Removal instructions for WizLine

Metallica · October 10, 2014

What is WizLine?

The Malwarebytes research team has determined that WizLine is adware. These adware applications display advertisements not originating from the sites you are browsing.

How do I know if my computer is affected by WizLine?

You may see this toolbar in your list of Toolbars and Extensions:

and this toolbar in Internet Explorer:

How did WizLine get on my computer?

Adware applications use different methods for distributing themselves.

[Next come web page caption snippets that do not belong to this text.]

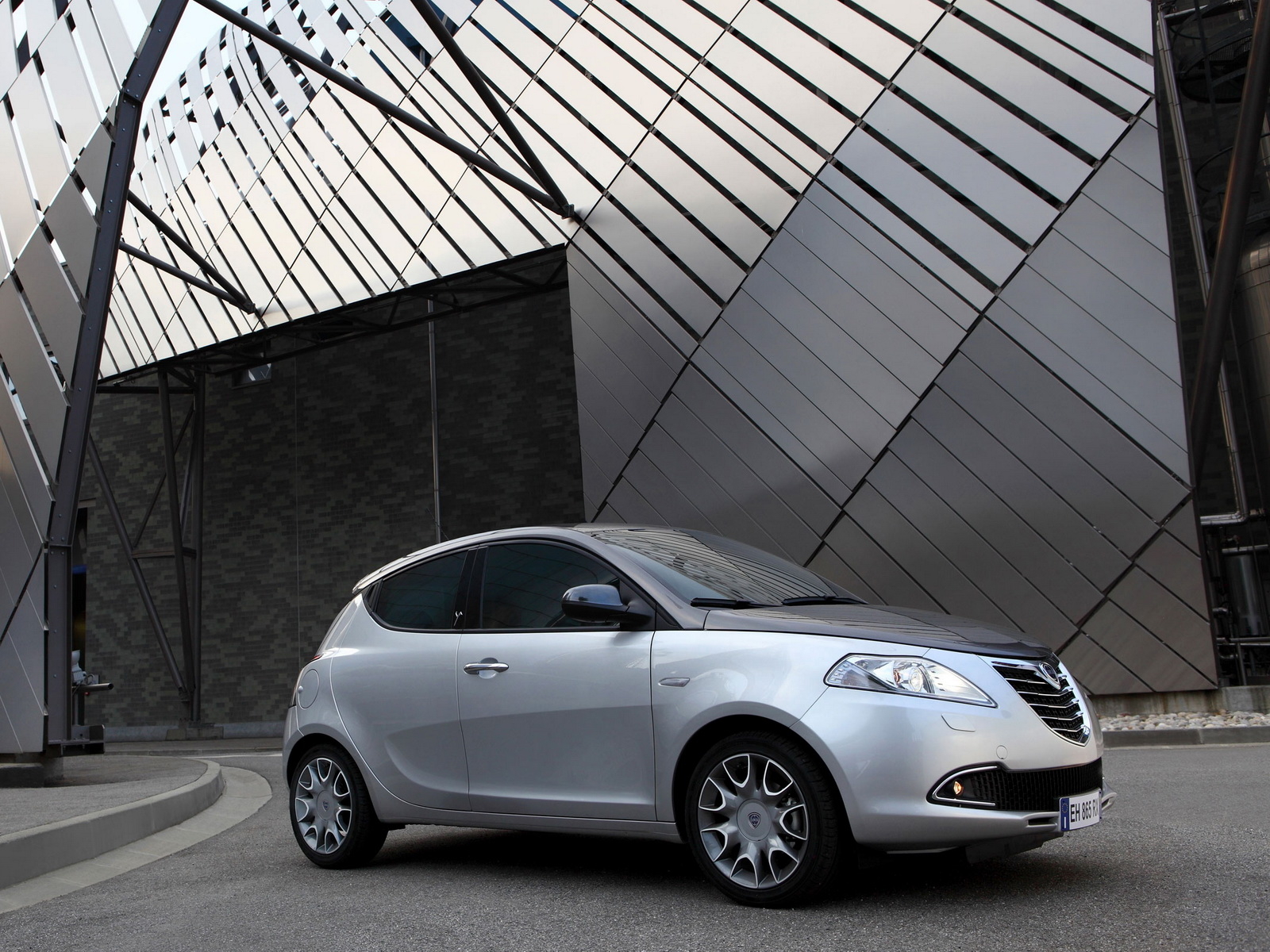 Lancia Ypsilon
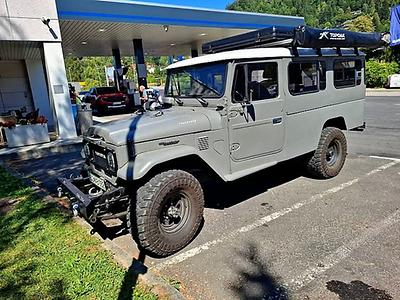 famoser alter land cruiser, langer radstand.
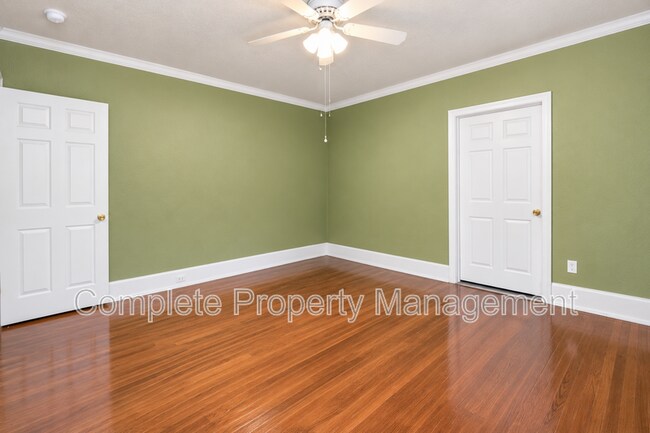 Building Photo - 4629 Debardeleben Ave
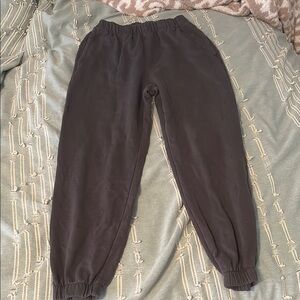 Great Hollister Sweatpants (Size small)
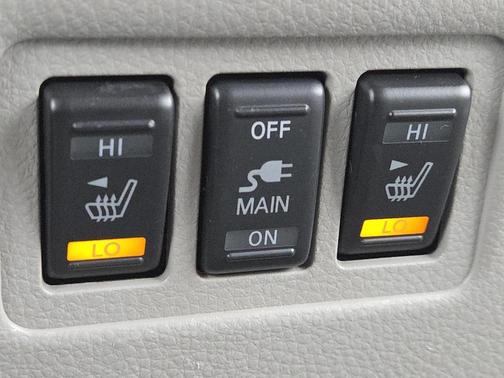 2011 Nissan Quest LE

This particular one was bundled with other software.

How do I remove WizLine?

Our program Malwarebytes Anti-Malware can detect and remove this potentially unwanted program.

Please download Malwarebytes Anti-Malware to your desktop.
Double-click mbam-setup-version.exe and follow the prompts to install the program.
At the end, be sure a check-mark is placed next to the following:
- Enable free trial of Malwarebytes Anti-Malware Premium
- Launch Malwarebytes Anti-Malware
Then click Finish.
If an update is found, you will be prompted to download and install the latest version.
Once the program has loaded, select Scan now. Or select the Threat Scan from the Scan menu.
When the scan is complete , make sure that everything is set to "Quarantine", and click Apply Actions.
Reboot your computer if prompted.

Is there anything else I need to do to get rid of WizLine?

No, Malwarebytes' Anti-Malware removes WizLine completely.

How would the full version of Malwarebytes Anti-Malware help protect me?

We hope our application and this guide have helped you eradicate this hijacker.

As you can see below the full version of Malwarebytes Anti-Malware would have protected you against the WizLine adware. It would have warned you before the rogue could install itself, giving you a chance to stop it before it became too late.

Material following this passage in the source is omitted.